- **Given data**:
····················
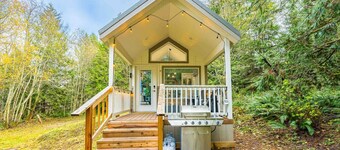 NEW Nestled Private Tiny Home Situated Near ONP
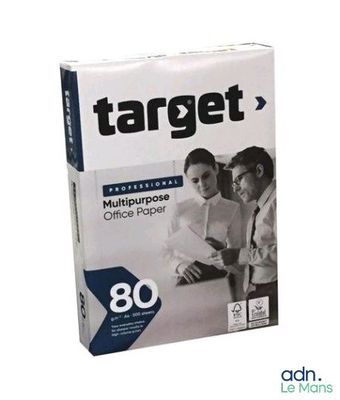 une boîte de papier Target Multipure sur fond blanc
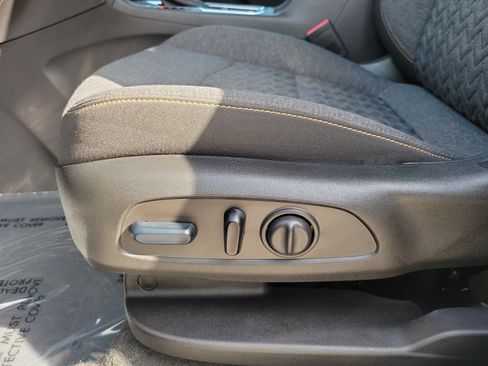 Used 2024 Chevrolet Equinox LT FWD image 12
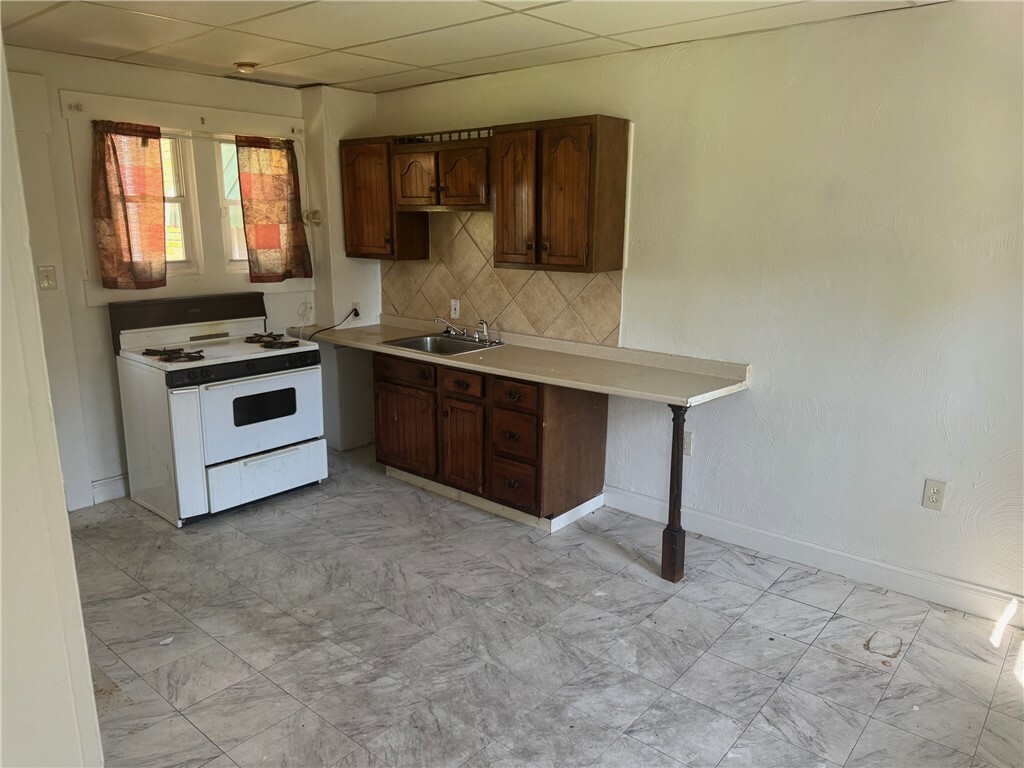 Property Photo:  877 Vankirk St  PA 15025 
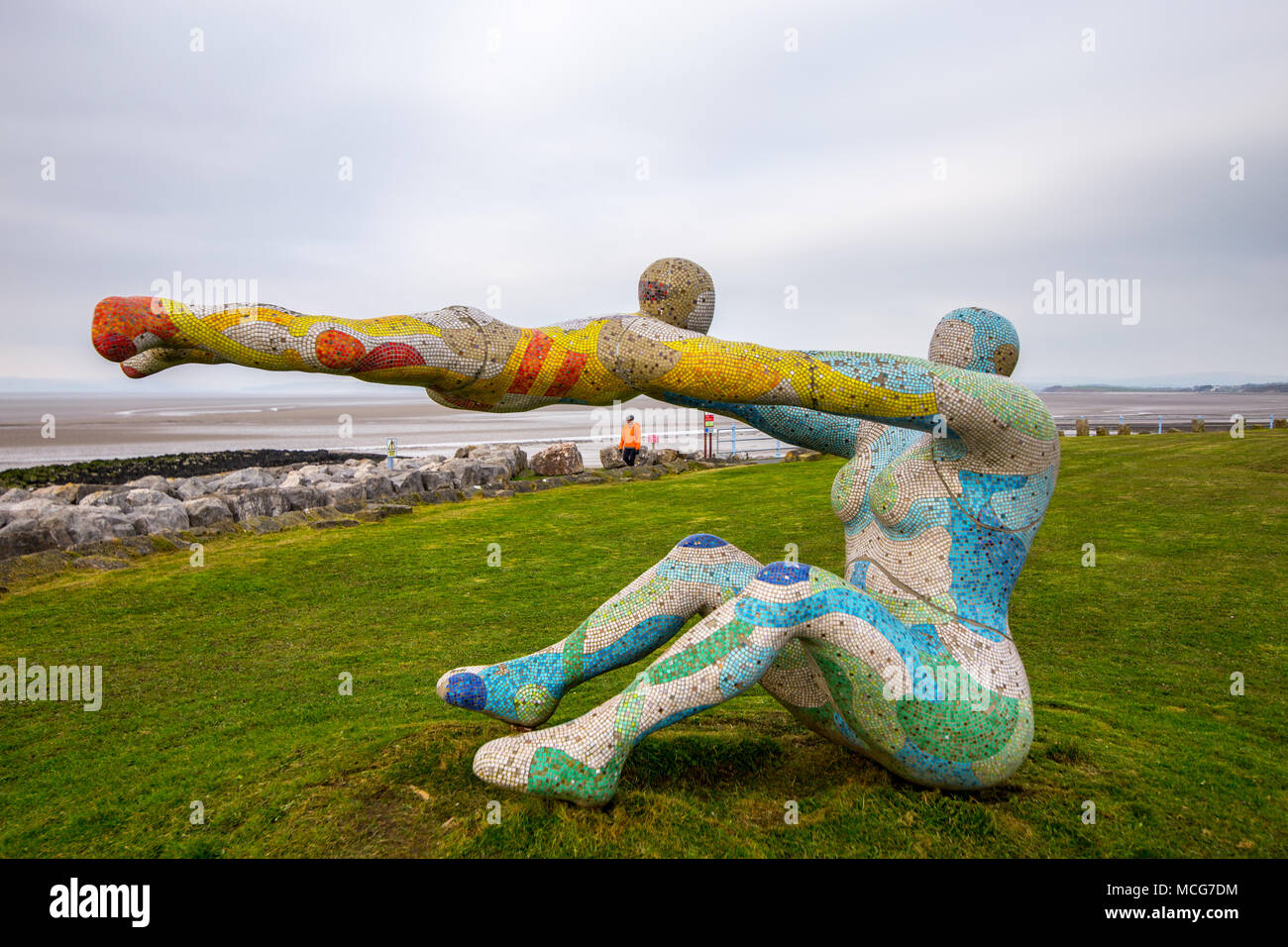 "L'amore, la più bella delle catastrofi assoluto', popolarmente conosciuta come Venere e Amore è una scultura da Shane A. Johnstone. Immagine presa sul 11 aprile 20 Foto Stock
····················
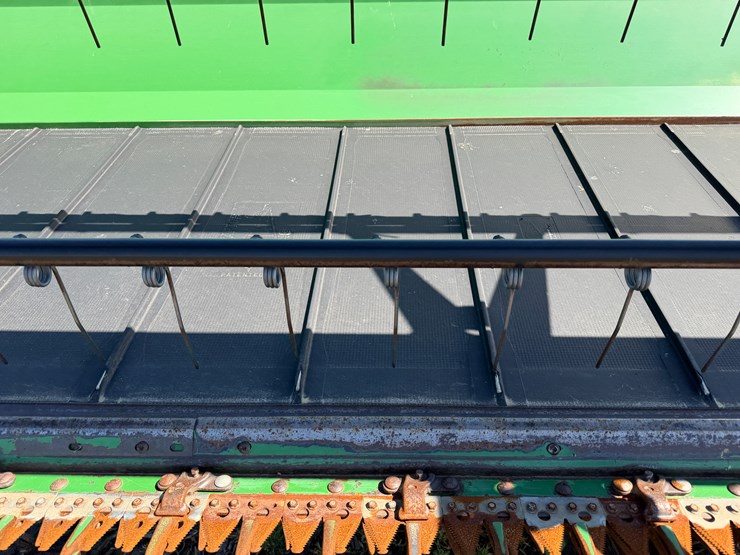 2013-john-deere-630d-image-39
····················
- **Assignment**:
Leaving each picture behind, please give again exactly the lines above from the one with "NEW Nestled Private" through the one with "20 Foto Stock", both included, and no others.

- **Written response**:
 NEW Nestled Private Tiny Home Situated Near ONP
 une boîte de papier Target Multipure sur fond blanc
 Used 2024 Chevrolet Equinox LT FWD image 12
 Property Photo:  877 Vankirk St  PA 15025 
 "L'amore, la più bella delle catastrofi assoluto', popolarmente conosciuta come Venere e Amore è una scultura da Shane A. Johnstone. Immagine presa sul 11 aprile 20 Foto Stock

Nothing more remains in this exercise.